Il bilancio provvisorio delle vittime è di 24 morti e circa 50 feriti, riferisce l’emittente Sky News Arabia, ma potrebbe aggravarsi ulteriormente, visto che la moschea era piena di fedeli in preghiera, nel secondo venerdì di Ramadan. Gli sciiti rappresentano circa il 30% della popolazione del Kuwait, che è complessivamente di 1,3 milioni di abitanti.
Il governo del Kuwait si è riunito per una riunione d’emergenza dopo l’attacco kamikaze. Non è la prima volta che l’Is prende di mira moschee sciite nella regione del Golfo.

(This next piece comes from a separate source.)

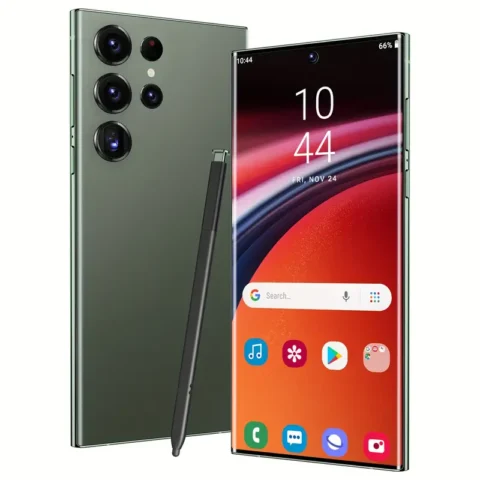 S25 Ultra Unlocked version comes with 8GB+256GB storage, a 6.8-inch full HD display, built-in stylus, and is a globally compatible Android smartphone. It features high-performance dual cameras with 13-megapixel and 48-megapixel resolutions, a long-lasting battery, and includes a headset, data cable, screen protector, and phone case as a complete set of accessories. It is the best Christmas gift choice.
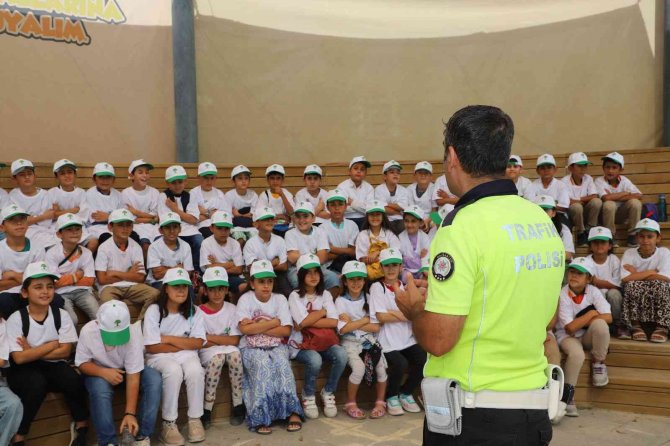 Trafik Eğitim Parkında Eğitimler Devam Ediyor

Nelle scorse settimane, due bombe sono esplose in altrettante moschee saudite. È però la prima volta che un attentato del genere colpisce gli sciiti del Kuwait.

SOMALIA
• Un kamikaze a bordo di un’autobomba si è lanciato contro una base militare dell’Unione Africana a Leego, 130 chilometri a sud della capitale somala Mogadiscio
• È di almeno trenta morti il bilancio dell’attentato
• La base è guidata dai soldati del Burundi che fanno parte dell’Amisom, la missione dell’Unione Africana in Somalia, che conta oltre ventimila militari nel Paese: i miliziani somali di al-Shabab avevano annunciato l’intenzione di intensificare gli attacchi contro i militari
Al-Shabaab attacca le truppe dell’Unione africana
Uccisi 35 soldati
I militanti di al-Shabaab hanno fatto scoppiare un’auto carica di esplosivo contro la base delle truppe di peacekeeping dell’Unione africana a Leego, 130 chilometri a sud della capitale somala Mogadiscio, e ne è poi seguito uno scontro a fuoco.
Un portavoce del gruppo terroristico al-Shabaab, Sheikh Abdiasis Abu Musab, sostiene che i militanti abbiano ucciso 35 soldati, ma spesso i terroristi forniscono bilanci delle vittime più alti rispetto a quelli che vengono poi confermati. La forza di peacekeeping, nota con l’acronimo Amisom, è composta principalmente da soldati di Kenya, Uganda e Burundi e lo scontro a fuoco ha coinvolto i militari del Burundi.